Glenn Kenny of RogerEbert.com awarded the film one and a half stars out of four, commenting, "Aside from a rock-solid performance by Thomas Jane as the grizzled cop, Crown Vic, which is named after the Ford model car that is the default of the LAPD black-and-white, has very little to offer the discriminating moviegoer." Movie Nations Roger Moore gave the film two stars out of four, stating "Crown Vic is a grounded and gritty cops-on-the-night-shift melodrama built around a tightly coiled turn by Thomas Jane... Crown Vic isn't a bad picture. It's just too unexceptional to stand out." Rex Reed of Observer Media gave the film two stars out of four and said, "I never cease to wonder how some films manage to borrow, imitate, copy, or steal from older films without acknowledging or crediting the originals. A predictable, ho-hum police procedural called Crown Vic, about one night of violence and death with a veteran Los Angeles cop assigned to escort a rookie cop through the criminal underground while teaching him the ropes, is so close to the 2001 Training Day that it's practically a remake."

Dennis Harvey of Variety noted, "That's a lot of narrative content, and Crown Vic varies in involvement and credibility as it juggles the more melodramatic aspects with the quasi-vérité ones.

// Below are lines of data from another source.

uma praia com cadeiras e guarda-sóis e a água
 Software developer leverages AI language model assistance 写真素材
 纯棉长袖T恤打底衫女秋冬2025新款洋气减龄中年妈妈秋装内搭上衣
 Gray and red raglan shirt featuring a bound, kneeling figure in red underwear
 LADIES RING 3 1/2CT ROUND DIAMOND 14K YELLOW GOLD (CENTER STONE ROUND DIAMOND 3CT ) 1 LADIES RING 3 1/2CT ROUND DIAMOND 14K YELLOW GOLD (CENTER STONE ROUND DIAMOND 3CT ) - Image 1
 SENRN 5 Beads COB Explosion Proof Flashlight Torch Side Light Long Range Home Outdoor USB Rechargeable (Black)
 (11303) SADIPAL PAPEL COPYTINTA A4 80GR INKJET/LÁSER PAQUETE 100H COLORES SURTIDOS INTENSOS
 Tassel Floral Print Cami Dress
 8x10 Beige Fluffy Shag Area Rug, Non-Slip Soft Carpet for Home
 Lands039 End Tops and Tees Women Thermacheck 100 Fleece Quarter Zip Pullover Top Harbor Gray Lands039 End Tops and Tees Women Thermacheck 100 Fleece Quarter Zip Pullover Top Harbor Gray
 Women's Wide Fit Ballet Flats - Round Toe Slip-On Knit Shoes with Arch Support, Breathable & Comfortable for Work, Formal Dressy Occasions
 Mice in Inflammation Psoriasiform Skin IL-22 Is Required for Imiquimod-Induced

Still, it all works more often than not, thanks to the able lead performances and Souza's generally smooth handling." Frank Scheck of The Hollywood Reporter stated, "The filmmaker displays a genuine flair for staging exciting action sequences, and the ever-reliable Jane delivers a solid lead performance, here tempering his natural machismo with a sympathetic, mournful quality. But there's just too much about Crown Vic that we haven't [sic] seen a thousand times before, to more impactful effect."